» PROBLEM STATEMENT
All of the listing is to be written out word for word, with the pictures left out.

+++++

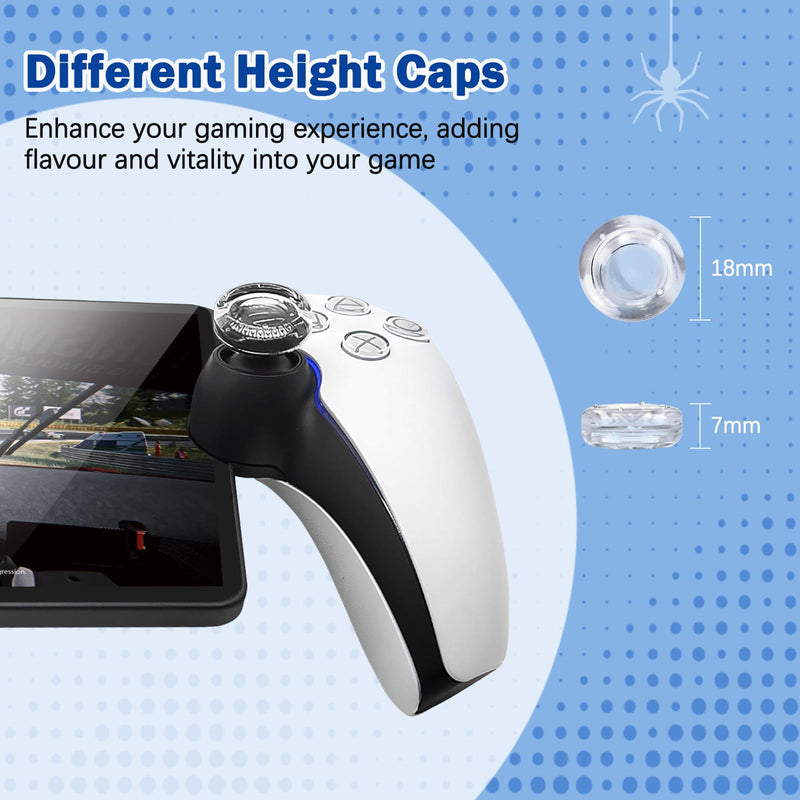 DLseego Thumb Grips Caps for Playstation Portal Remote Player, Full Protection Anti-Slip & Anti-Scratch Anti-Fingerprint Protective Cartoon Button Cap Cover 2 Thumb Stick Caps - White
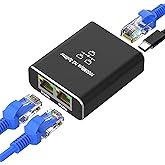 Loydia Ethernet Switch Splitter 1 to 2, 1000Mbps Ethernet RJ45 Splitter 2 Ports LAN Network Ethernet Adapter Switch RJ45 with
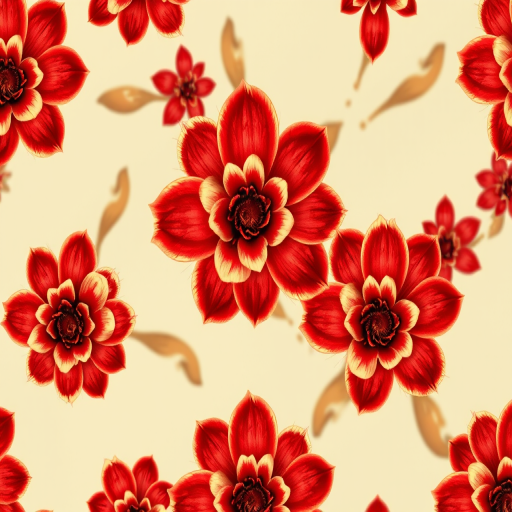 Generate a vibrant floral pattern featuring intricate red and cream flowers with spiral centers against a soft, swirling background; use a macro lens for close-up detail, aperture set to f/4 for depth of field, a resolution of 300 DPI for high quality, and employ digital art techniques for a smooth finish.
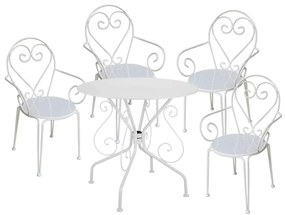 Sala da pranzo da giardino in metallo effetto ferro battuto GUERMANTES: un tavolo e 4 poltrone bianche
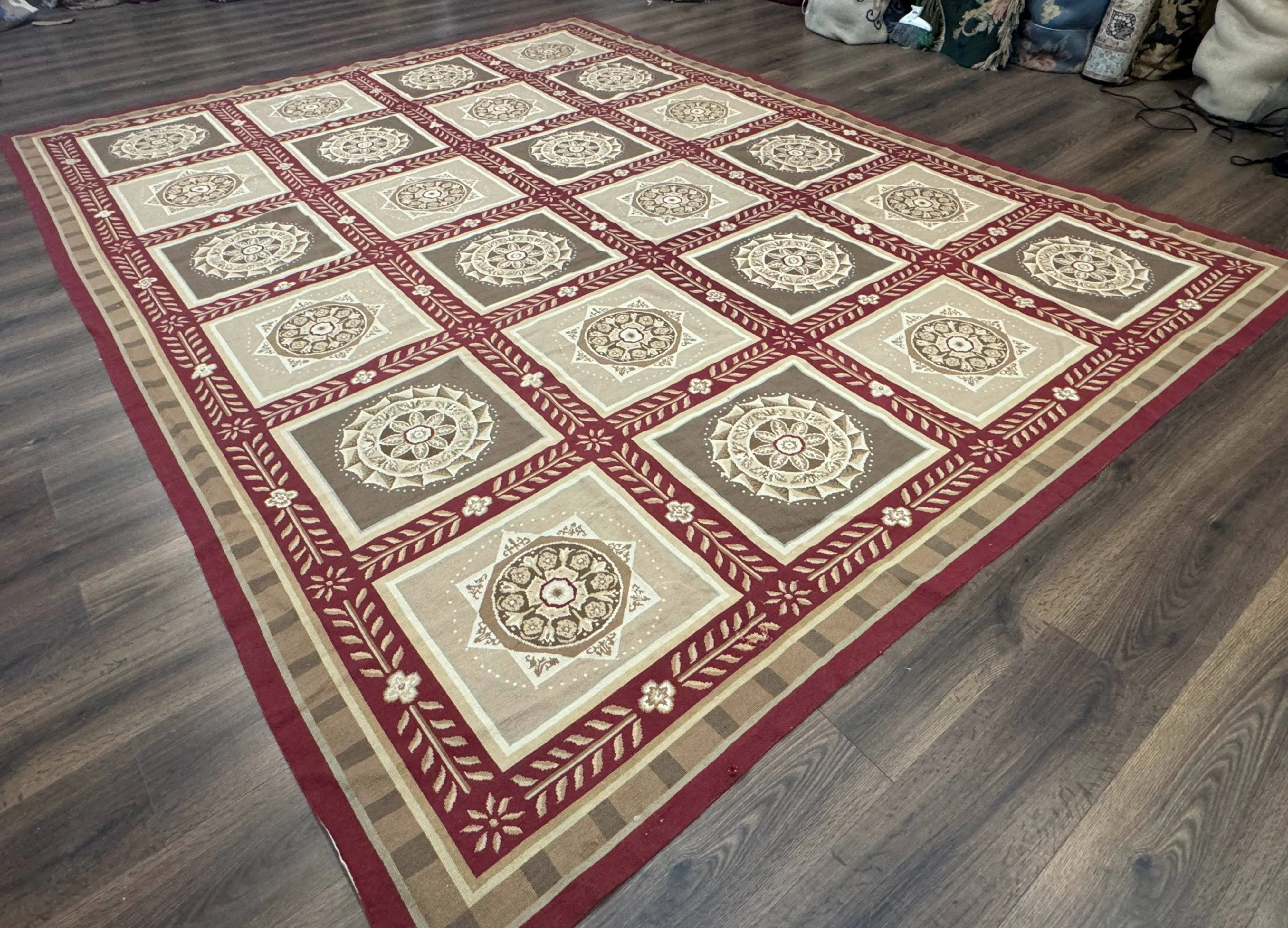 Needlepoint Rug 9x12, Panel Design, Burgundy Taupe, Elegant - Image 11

+++++

» ANSWER SPACE
 DLseego Thumb Grips Caps for Playstation Portal Remote Player, Full Protection Anti-Slip & Anti-Scratch Anti-Fingerprint Protective Cartoon Button Cap Cover 2 Thumb Stick Caps - White
 Loydia Ethernet Switch Splitter 1 to 2, 1000Mbps Ethernet RJ45 Splitter 2 Ports LAN Network Ethernet Adapter Switch RJ45 with
 Generate a vibrant floral pattern featuring intricate red and cream flowers with spiral centers against a soft, swirling background; use a macro lens for close-up detail, aperture set to f/4 for depth of field, a resolution of 300 DPI for high quality, and employ digital art techniques for a smooth finish.
 Sala da pranzo da giardino in metallo effetto ferro battuto GUERMANTES: un tavolo e 4 poltrone bianche
 Needlepoint Rug 9x12, Panel Design, Burgundy Taupe, Elegant - Image 11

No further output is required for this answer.